In the short term, the ceasefire protocol is highly fragile. First Finance and Economics reported that analysts believe the current rebound is more of a “decompression-driven rebound,” and that negotiations still face multiple obstacles. Whether the Strait of Hormuz will reopen is a key variable. If the ceasefire breaks down and oil prices surge again, gold may repeat the “inflation-rate hike” suppression logic from the first half, and may even face a new round of selloffs.
A review by Guohai Securities notes that the relationship among war developments, oil prices, and gold is not a straight line.

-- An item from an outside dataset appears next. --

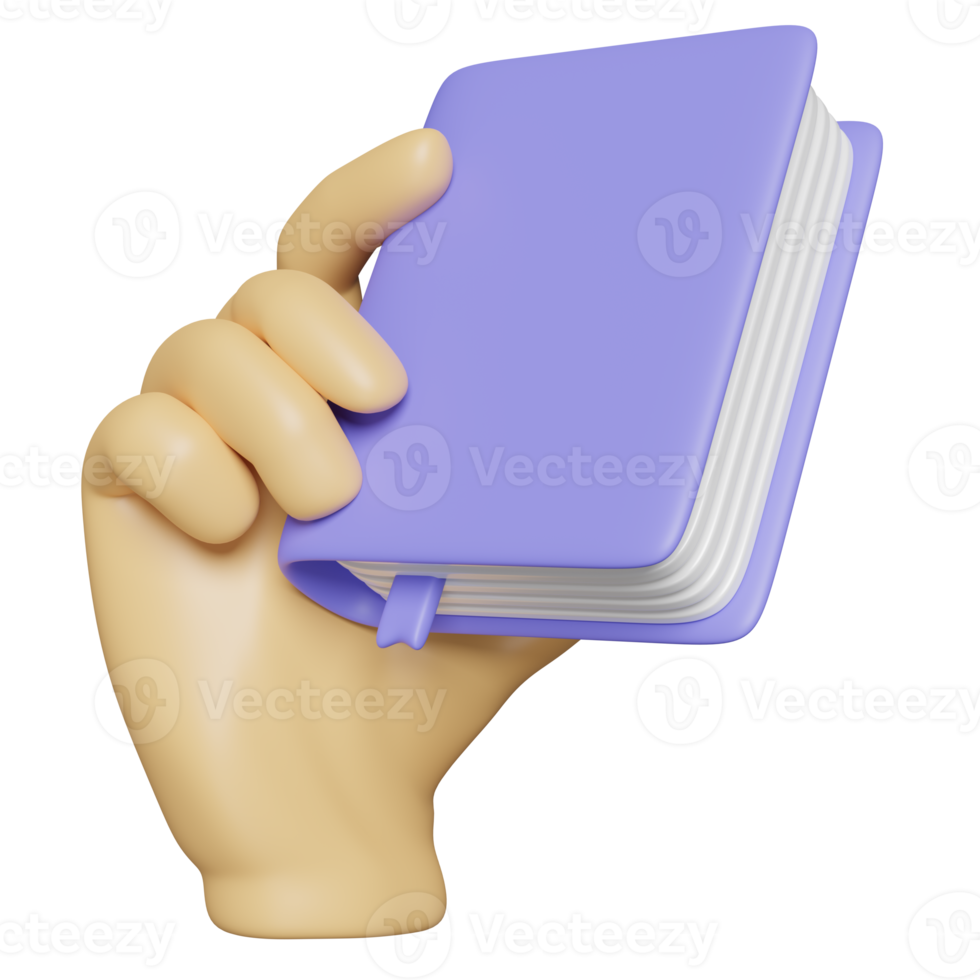 3d Hand holds purple textbook, close book isolated. education, knowledge creates ideas concept, minimal abstract, 3d render illustration png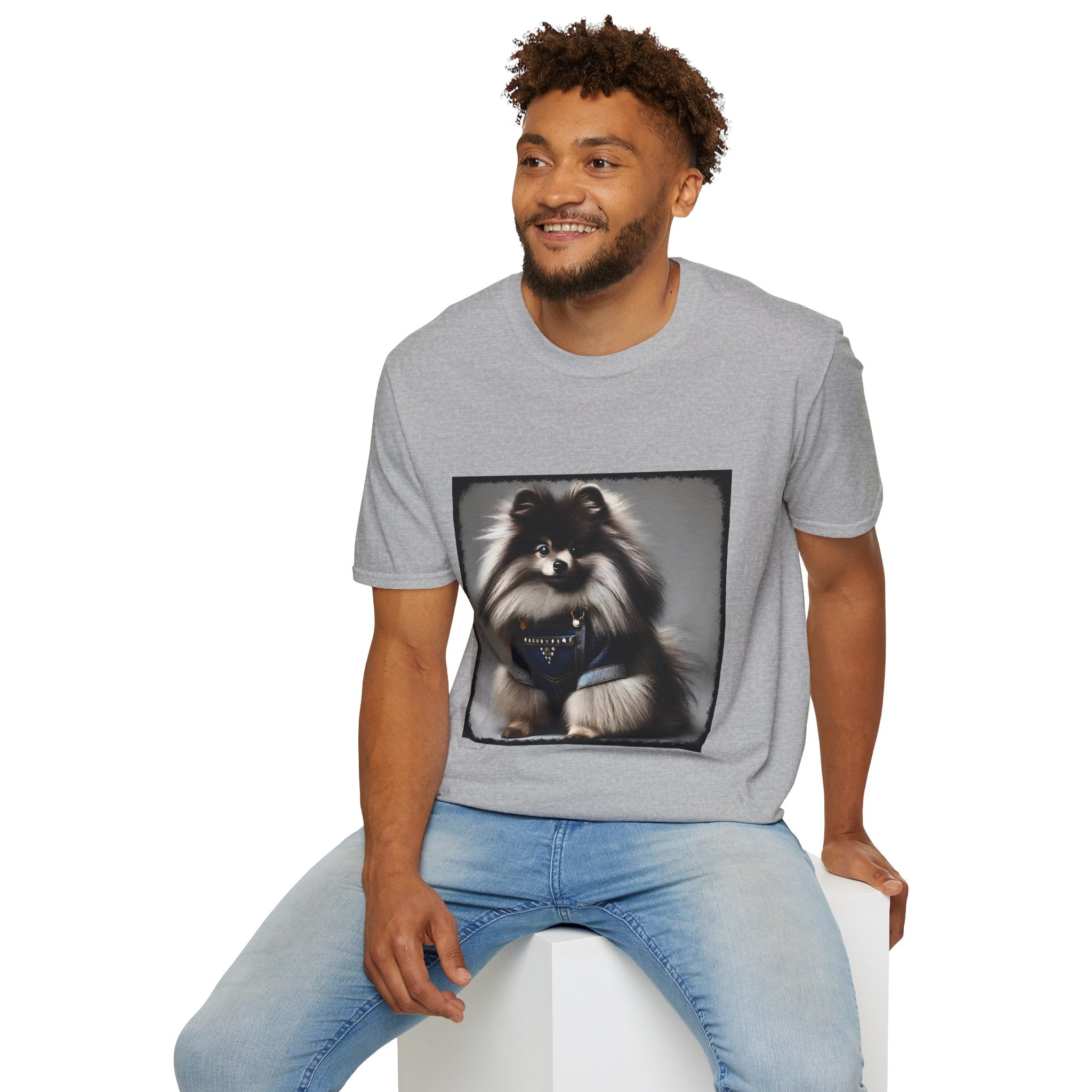 Pomeranian Denim Darling | Unisex Dog T-Shirt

Whether gold can break out into a trend-based long bull market depends on whether oil prices truly lift the inflation center and how central banks respond:
· Scenario 1: Oil prices fall back to around 90 US dollars, but do not fully return to pre-conflict levels → Gold is more likely to maintain a high level with broad, range-bound volatility;
· Scenario 2: Ceasefire is implemented + the US economy weakens + the Federal Reserve releases rate-cut signals → Gold is expected to switch to a macro-style easing bull market similar to the period after 2003;
· Scenario 3: Talks break down, the strait remains blocked long term, and oil prices form a new center above 120 US dollars → Gold’s eventual upside space is, in theory, the largest, but in the first half it will still be suppressed first by tighter liquidity and high real interest rates.
In the medium to long term, the reshaping of the global political and economic order, the de-dollarization process, and central banks’ continued gold purchases remain the core support. The trend of shifting upward of the precious metals price center remains unchanged.